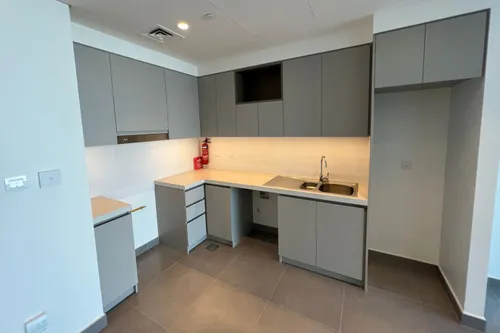 2 Bedrooms Apartment in Creek Gate Tower 1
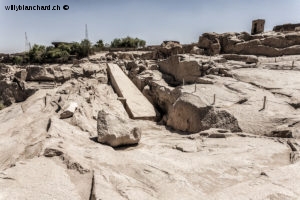 Égypte, Assouan. Obélisque inachevé. Vue depuis sa base. 15 septembre 2014 © Willy Blanchard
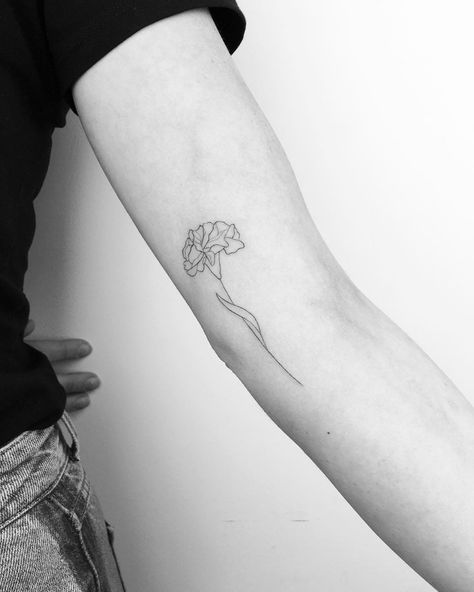 Carnation Flower Tattoo, Girly Tattoo, Carnation Tattoo, Inspo Tattoo, Muster Tattoos, Flower Tattoo Arm, Petite Tattoos, Birth Flower Tattoos, Tattoo Graphic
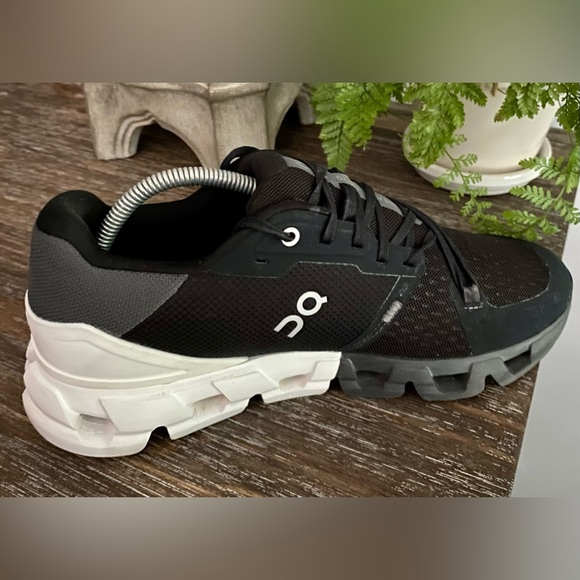 OC Men’s 9 On Cloud Cloudflyer 4 Black/White Athletic Running Sneakers Shoes - Picture 6 of 11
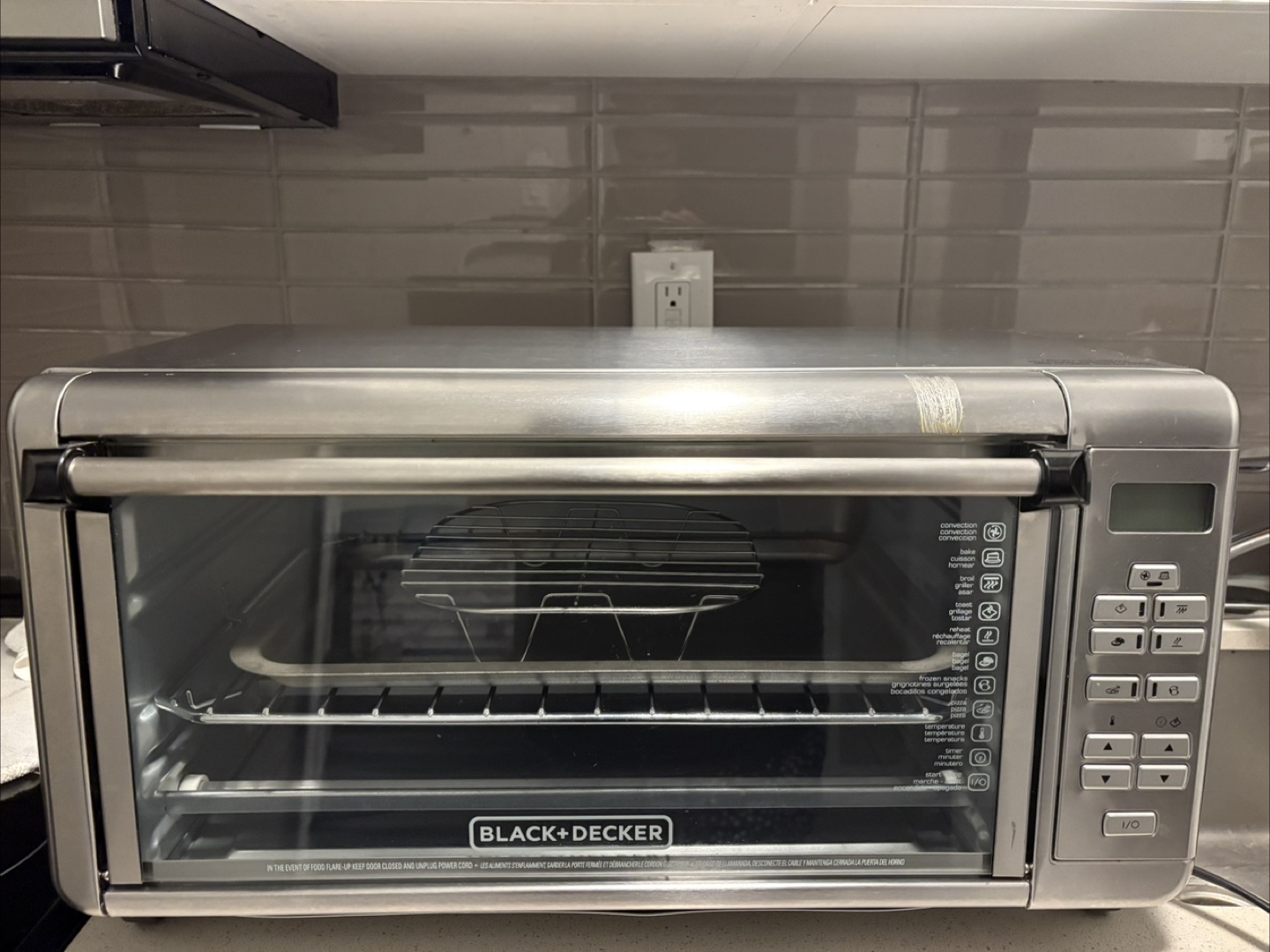 Black + Decker Digital Convection Oven-MOVING OUT SALE - photo 4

=====

Quote the material in full and exactly; do not carry over its pictures.

ANSWER TO THE EXERCISE:
 2 Bedrooms Apartment in Creek Gate Tower 1
 Égypte, Assouan. Obélisque inachevé. Vue depuis sa base. 15 septembre 2014 © Willy Blanchard
 Carnation Flower Tattoo, Girly Tattoo, Carnation Tattoo, Inspo Tattoo, Muster Tattoos, Flower Tattoo Arm, Petite Tattoos, Birth Flower Tattoos, Tattoo Graphic
 OC Men’s 9 On Cloud Cloudflyer 4 Black/White Athletic Running Sneakers Shoes - Picture 6 of 11
 Black + Decker Digital Convection Oven-MOVING OUT SALE - photo 4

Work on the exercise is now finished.